Di tengah-tengah lubang itu, ada sebuah titik emas yang semakin membesar. Pada akhirnya Tongkat Kuasa muncul ke depannya.
“Hahaha, penampilan barumu bagus juga!”
Baru saja muncul, Tongkat kuasa langsung menertawakan botak di depannya dengan sinis. Suaranya terdengar begitu gembira, sepertinya perasaannya sedang baik.
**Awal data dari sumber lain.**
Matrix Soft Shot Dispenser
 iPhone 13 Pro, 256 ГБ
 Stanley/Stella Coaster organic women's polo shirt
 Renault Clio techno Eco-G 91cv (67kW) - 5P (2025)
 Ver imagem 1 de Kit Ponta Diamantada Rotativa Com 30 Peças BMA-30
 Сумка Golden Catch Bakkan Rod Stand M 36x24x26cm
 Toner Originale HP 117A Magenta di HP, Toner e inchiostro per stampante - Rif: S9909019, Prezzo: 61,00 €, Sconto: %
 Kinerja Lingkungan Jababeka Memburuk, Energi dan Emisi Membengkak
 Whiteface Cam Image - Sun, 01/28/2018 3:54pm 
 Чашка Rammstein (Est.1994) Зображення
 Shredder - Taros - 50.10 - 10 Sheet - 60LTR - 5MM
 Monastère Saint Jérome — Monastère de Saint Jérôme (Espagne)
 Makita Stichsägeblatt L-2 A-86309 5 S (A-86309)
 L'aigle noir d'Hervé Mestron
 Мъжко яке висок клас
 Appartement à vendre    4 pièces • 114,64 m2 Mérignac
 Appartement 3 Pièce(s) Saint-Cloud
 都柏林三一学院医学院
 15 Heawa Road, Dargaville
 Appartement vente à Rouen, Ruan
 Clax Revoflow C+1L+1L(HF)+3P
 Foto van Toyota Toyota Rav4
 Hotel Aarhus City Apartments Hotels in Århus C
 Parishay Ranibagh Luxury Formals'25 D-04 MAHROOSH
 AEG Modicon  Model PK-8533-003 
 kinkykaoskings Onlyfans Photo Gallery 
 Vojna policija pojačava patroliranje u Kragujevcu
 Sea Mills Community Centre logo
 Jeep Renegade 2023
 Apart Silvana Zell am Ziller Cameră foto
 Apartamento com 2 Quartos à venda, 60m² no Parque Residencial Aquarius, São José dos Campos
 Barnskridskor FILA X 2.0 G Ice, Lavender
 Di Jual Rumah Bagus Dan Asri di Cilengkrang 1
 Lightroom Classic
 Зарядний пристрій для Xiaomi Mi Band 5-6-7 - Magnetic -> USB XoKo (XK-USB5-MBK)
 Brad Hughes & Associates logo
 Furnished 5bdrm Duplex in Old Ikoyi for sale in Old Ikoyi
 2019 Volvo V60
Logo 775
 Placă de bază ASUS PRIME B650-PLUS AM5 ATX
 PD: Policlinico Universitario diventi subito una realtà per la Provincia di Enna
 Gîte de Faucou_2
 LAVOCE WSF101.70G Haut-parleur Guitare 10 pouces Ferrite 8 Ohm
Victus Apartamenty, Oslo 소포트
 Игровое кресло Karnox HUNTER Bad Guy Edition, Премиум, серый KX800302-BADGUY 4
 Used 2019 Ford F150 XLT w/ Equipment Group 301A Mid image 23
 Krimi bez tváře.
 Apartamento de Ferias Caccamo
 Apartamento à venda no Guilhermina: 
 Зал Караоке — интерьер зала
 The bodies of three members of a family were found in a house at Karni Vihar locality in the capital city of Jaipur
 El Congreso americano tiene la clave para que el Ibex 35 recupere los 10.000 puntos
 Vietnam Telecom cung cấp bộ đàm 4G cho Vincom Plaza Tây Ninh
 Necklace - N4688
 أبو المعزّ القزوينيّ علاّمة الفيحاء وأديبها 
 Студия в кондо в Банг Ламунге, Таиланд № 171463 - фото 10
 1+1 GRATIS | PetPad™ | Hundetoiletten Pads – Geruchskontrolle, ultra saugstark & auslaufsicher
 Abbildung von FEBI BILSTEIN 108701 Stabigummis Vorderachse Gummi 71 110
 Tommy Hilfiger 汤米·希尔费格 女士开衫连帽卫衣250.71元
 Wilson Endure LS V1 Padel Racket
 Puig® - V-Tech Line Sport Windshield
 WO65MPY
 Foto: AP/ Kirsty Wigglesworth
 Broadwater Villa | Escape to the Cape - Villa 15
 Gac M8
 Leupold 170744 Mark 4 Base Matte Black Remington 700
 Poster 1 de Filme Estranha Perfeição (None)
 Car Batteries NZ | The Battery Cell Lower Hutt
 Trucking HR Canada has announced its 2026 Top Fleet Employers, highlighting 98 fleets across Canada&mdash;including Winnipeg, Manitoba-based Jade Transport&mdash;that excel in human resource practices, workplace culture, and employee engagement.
Abraham sangat kesal, “Aku sudah menghabiskan 20 juta rupiah, kenapa rambutku bisa menghilang?”
Suara Tongkat Kuasa menjadi tegas, “Budak, apakah ini caramu berbicara denganku? Kalau bukan karena penampilan barumu yang membuat perasaanku menjadi baik, kamu sudah menerima hukuman karena tidak sopan denganku!”
“Tidak perlu mengatakan hal yang tidak berguna, aku tidak melanggar peraturan. Kenapa rambutku bisa menghilang?” Kata Abraham yang masih kesal dan tidak mempedulikannya.
Setelah terdiam sejenak, Tongkat Kuasa sepertinya juga tidak ingin berdebat dengan Abraham.
“Kamu pikirkan lagi, apakah kamu benar-benar menghabiskan 20 juta itu?”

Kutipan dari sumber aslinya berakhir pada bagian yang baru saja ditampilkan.